Why This Topic Matters for NDA
- High frequency: present in almost every NDA paper from 2010 to 2024, with 3–6 questions per sitting.
- Low time cost: most questions are solvable in 60–90 seconds once you know the standard results.
- Connects to other chapters: cube roots of unity appear in questions tagged under quadratic equations and sequences too.
Exam Pattern & Weightage
The table below is built from the PYQs in this chapter. It shows how many questions appeared on complex numbers in each NDA paper.
| Year | Paper I | Paper II | Key Sub-topics Tested |
|---|---|---|---|
| 2010 | 3 | 2 | Conjugate, powers of i, cube roots of unity, modulus |
| 2011 | 4 | 4 | Square roots, argument, cube roots, modulus of expressions |
| 2012 | 2 | 3 | Powers of i, modulus, cube roots (ω¹⁹ + 1) |
| 2013 | 3 | — | Argument of (−1 − i), square roots of 3 + 4i |
| 2014 | 3 | 2 | Modulus of quotient, locus, argument, polar form |
| 2015 | 3 | 3 | Cube roots, square root of i, real part of (sin x + i cos x)³ |
| 2016 | 5 | 3 | Argument, cube roots, powers of ω, imaginary part, locus |
| 2017 | 3 | 3 | Powers of i, De Moivre, modulus-amplitude, argument of (−1 − i) |
| 2018 | 4 | 3 | Polar form of √3 + i, cube roots geometry, powers of i, square roots |
| 2019 | 3 | 2 | Modulus, principal argument, De Moivre with cube roots |
| 2020 | 2 | — | Modulus of trig form, argument |
| 2021 | 4 | 4 | Modulus, conjugate properties, powers of i, square root of complex |
| 2022 | 2 | — | Principal argument of iω, modulus of polar expressions |
| 2023 | 3 | 4 | Roots of equations, locus, square roots, cube root common roots |
| 2024 | 4 | 2 | Cube roots of unity, (1 + i)⁴ + (1 − i)⁴, Re(z₁/z₂), cube root equations |
Cube roots of unity questions appear in nearly every paper — sometimes as standalone items, sometimes embedded in a quadratic or sequence question. Never skip ω-properties.
Principal argument range is (−π, π], not [0, 2π). Getting the sign wrong on argument questions is the most common source of lost marks in this chapter.
Core Concepts
Every formula below has been tested in NDA PYQs. Learn them in the order they appear — later concepts build on earlier ones.
Modulus
If \(z = a + ib\), the modulus is the distance from the origin to the point \((a, b)\) in the Argand plane.
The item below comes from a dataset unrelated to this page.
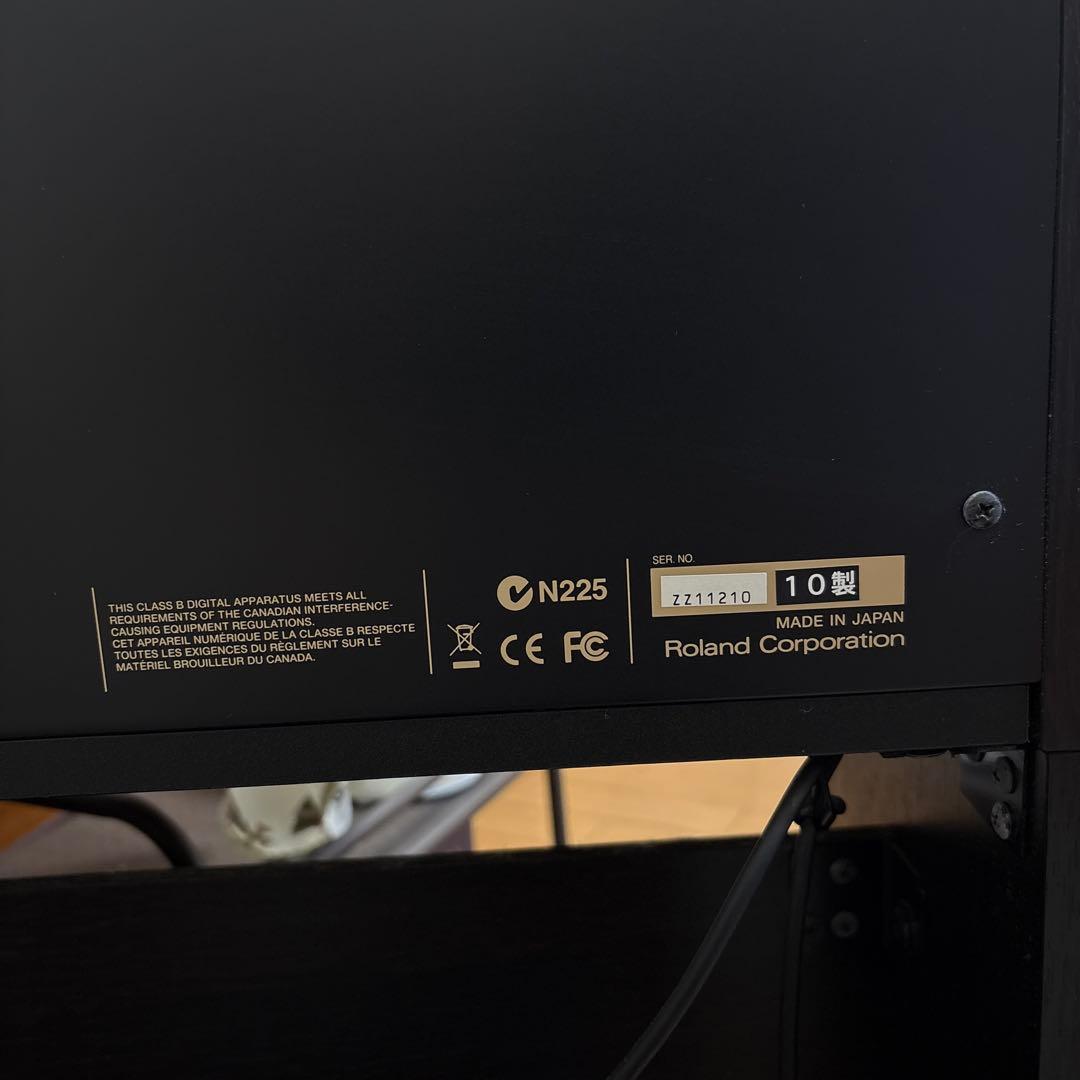 Roland ローランド 電子ピアノ HP302 88鍵 3本ペダル たのメル便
NDA directly tested: "The modulus of the quotient of P and Q is equal to the quotient of their moduli" [2014-I]. That is option (d) — equal, not less than or greater than.
Do not confuse \(|z|^2\) with \(|z^2|\). They are equal in value, but the route is different — \(|z|^2 = z \cdot \bar{z}\), while \(|z^2| = |z| \cdot |z|\). Setters use this to bait wrong choices in statement-based MCQs.
Argument (Amplitude)
The argument is the angle \(\theta\) the position vector of \(z\) makes with the positive real axis. The principal argument lies in \((-\pi, \pi]\).
PYQ tested \((-1 - i)\) lies in Q3. Principal argument \(= -\pi + \pi/4 = -3\pi/4\) [2013-I, 2018-I]. This exact question appeared twice.
The principal argument range is \((-\pi, \pi]\), not \([0, 2\pi)\). If your raw arctan gives an angle outside this band, fold it back. Missing this single step is the most common source of wrong-option selection on argument questions.
Conjugate
The conjugate of \(z = a + ib\) is \(\bar{z} = a - ib\). Geometrically it reflects \(z\) across the real axis.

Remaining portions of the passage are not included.